__EXERCISE__. Wherever pictures occur in the entries below, leave them out and retype the rest exactly.

|---|

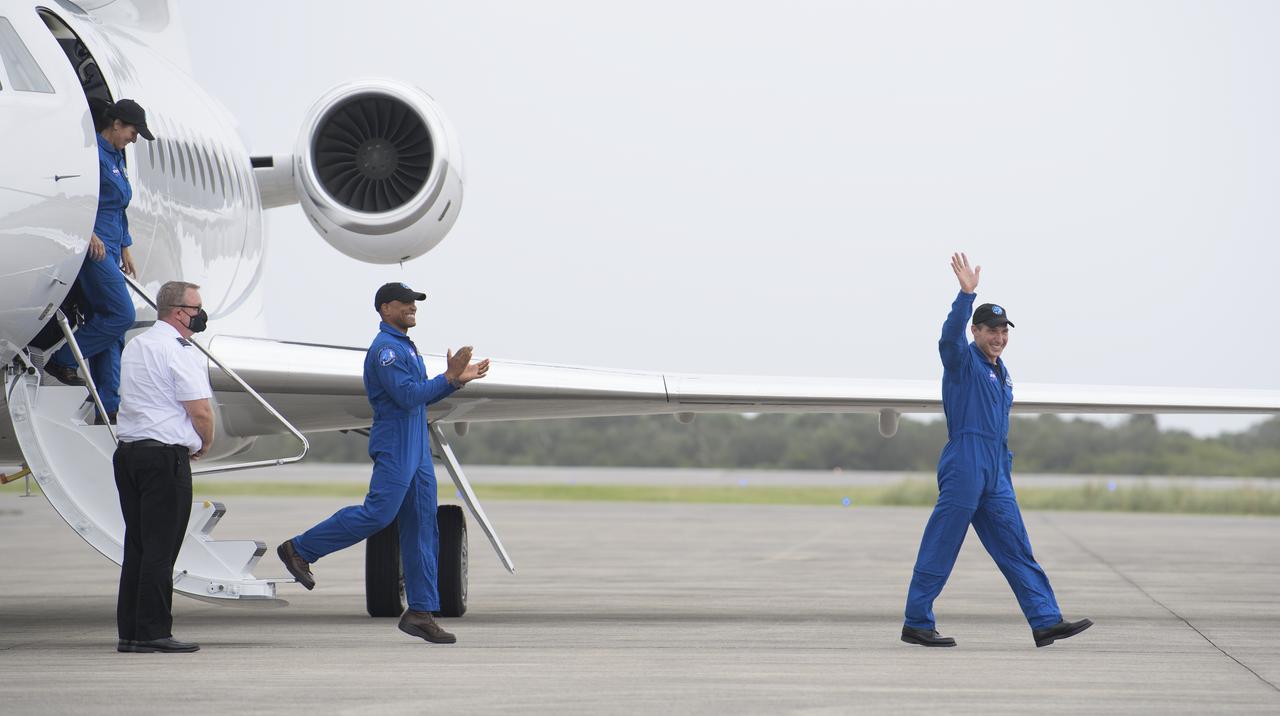 NASA astronauts Mike Hopkins, right, Victor Glover, center, and Shannon Walker, left, are seen as they arrive with Japan Aerospace Exploration Agency (JAXA) astronaut Soichi Noguchi, at the Launch and Landing Facility at NASA’s Kennedy Space Center ahead of SpaceX’s Crew-1 mission, Sunday, Nov. 8, 2020, in Florida. NASA’s SpaceX Crew-1 mission is the first operational mission of the SpaceX Crew Dragon spacecraft and Falcon 9 rocket to the International Space Station as part of the agency’s Commercial Crew Program. NASA astronauts Mike Hopkins, Victor Glover, and Shannon Walker, and astronaut Soichi Noguchi of the Japan Aerospace Exploration Agency (JAXA) are scheduled to launch at 7:49 p.m. EST on Saturday, Nov. 14, from Launch Complex 39A at the Kennedy Space Center. Photo Credit: (NASA/Joel Kowsky)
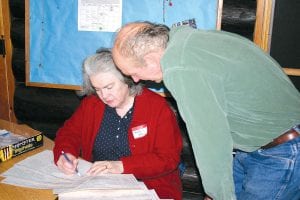 Cook County Republican Party officials Garry Gamble and Mary Petz review the precinct caucus sign-in. There was a record number of attendees at the caucuses held Tuesday, February 7 at the Cook County Community Center 4-H log building.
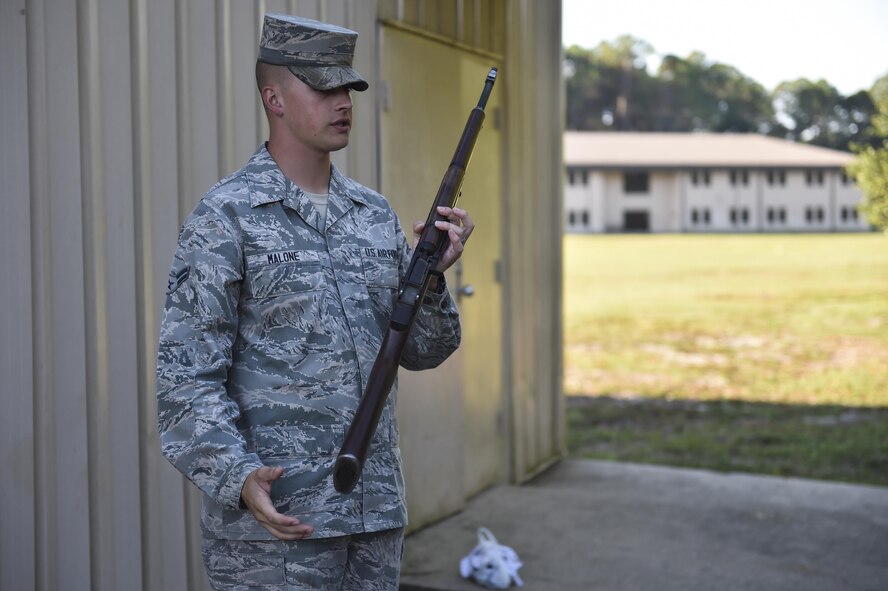 Airman 1st Class Cody Malone, U.S. Air Force Honor Guard mobile training team instructor, demonstrates proper finger placement at Hurlburt Field, Fla., Oct. 16, 2015. A team of three U.S. Air Force Honor Guard mobile training team instructors spent seven days training base honor guard members proper flag presentations, firing party and pallbearer techniques. (U.S. Air Force photo by Senior Airman Jeff Parkinson)
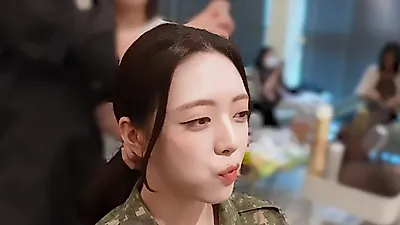 ITZY’s Yuna Shouts ‘Loyalty’ in Military Uniform on Shinhan Nara Sarang Card Ad Set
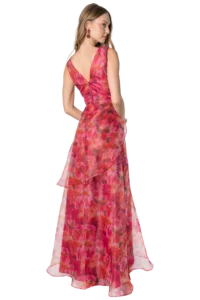 Woman in a pink floral evening gown photographed from behind, showing a V-back and flowing skirt, with red earrings visible on her left ear.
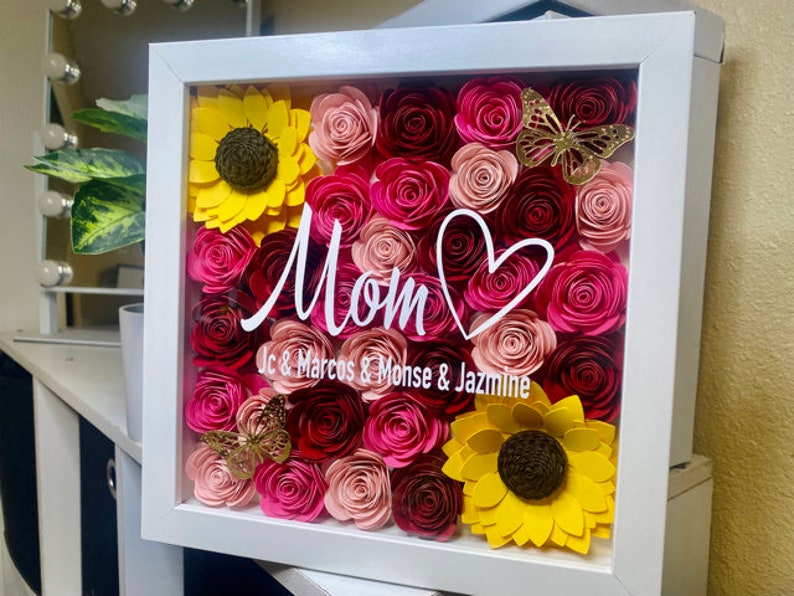 May include: A white frame filled with pink, red, and yellow paper flowers. The flowers are arranged in a heart shape with a white heart drawn in the center. The text "Mom" is written in white cursive script with the names "Jc & Marcos & Monse & Jazmine" written below.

|---|

__WRITTEN SOLUTION__.
 NASA astronauts Mike Hopkins, right, Victor Glover, center, and Shannon Walker, left, are seen as they arrive with Japan Aerospace Exploration Agency (JAXA) astronaut Soichi Noguchi, at the Launch and Landing Facility at NASA’s Kennedy Space Center ahead of SpaceX’s Crew-1 mission, Sunday, Nov. 8, 2020, in Florida. NASA’s SpaceX Crew-1 mission is the first operational mission of the SpaceX Crew Dragon spacecraft and Falcon 9 rocket to the International Space Station as part of the agency’s Commercial Crew Program. NASA astronauts Mike Hopkins, Victor Glover, and Shannon Walker, and astronaut Soichi Noguchi of the Japan Aerospace Exploration Agency (JAXA) are scheduled to launch at 7:49 p.m. EST on Saturday, Nov. 14, from Launch Complex 39A at the Kennedy Space Center. Photo Credit: (NASA/Joel Kowsky)
 Cook County Republican Party officials Garry Gamble and Mary Petz review the precinct caucus sign-in. There was a record number of attendees at the caucuses held Tuesday, February 7 at the Cook County Community Center 4-H log building.
 Airman 1st Class Cody Malone, U.S. Air Force Honor Guard mobile training team instructor, demonstrates proper finger placement at Hurlburt Field, Fla., Oct. 16, 2015. A team of three U.S. Air Force Honor Guard mobile training team instructors spent seven days training base honor guard members proper flag presentations, firing party and pallbearer techniques. (U.S. Air Force photo by Senior Airman Jeff Parkinson)
 ITZY’s Yuna Shouts ‘Loyalty’ in Military Uniform on Shinhan Nara Sarang Card Ad Set
 Woman in a pink floral evening gown photographed from behind, showing a V-back and flowing skirt, with red earrings visible on her left ear.
 May include: A white frame filled with pink, red, and yellow paper flowers. The flowers are arranged in a heart shape with a white heart drawn in the center. The text "Mom" is written in white cursive script with the names "Jc & Marcos & Monse & Jazmine" written below.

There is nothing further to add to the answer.